Eles fazem tudo se tingir ora de um tom pálido azulado, ora de um tom carmesim vivo, o que remete a uma porção de questões, do que a mais instigante, talvez, seja a de ilustrar como a realidade pode ser duplamente vista - e fica aquele alô para a dupla consciência/inconsciência que, novamente, é absurdamente coerente com a história.

Vejamos só esse trecho:

"Meus olhos doeram com a brancura do papel. Aquele novo dia era diferente do anterior. No clarão quente do sol vermelho, a névoa caía sobre um oceano negro com reflexos vermelho-sangue e as ondas, nuvens e céu eram quase constantemente encobertos por uma cerração carmesim. Agora, o sol azul trespassava a cortina de flores estampadas com uma luz cristalina. Minhas mãos bronzeadas pareciam cinzentas. O quarto transformara-se: todos os objetos que refletiam o vermelho, haviam perdido seu brilho, tornando-se acinzentado, ao passo que aqueles que eram brancos, verdes e amarelos haviam adquirido uma luminosidade viva e pareciam emitir luz própria." (Solaris, p. 33-4)

A cena, além de imersiva, é construída com tanta dedicação que seria ingenuidade acreditar que Lem escreveu isso aí apenas para cumprir uma formalidade - do tipo 'ah, isso aconteceu em algum lugar, então vou dar uma descrição qualquer aí'.

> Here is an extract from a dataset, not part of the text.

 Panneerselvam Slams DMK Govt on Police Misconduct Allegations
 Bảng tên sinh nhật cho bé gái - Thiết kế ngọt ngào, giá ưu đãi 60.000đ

Na verdade, sem muito risco errar, podemos dizer que um bom escritor não usa jamais de mera formalidade para construir seus 'lugares'.

E talvez seja essa a grande lição que um escritor café com leite pode pegar:

O 'lugar' da história, sua ambientação, é um elemento poderosíssimo para reforçar a elementos subjetivos, seja numa cena, seja na própria história como um todo.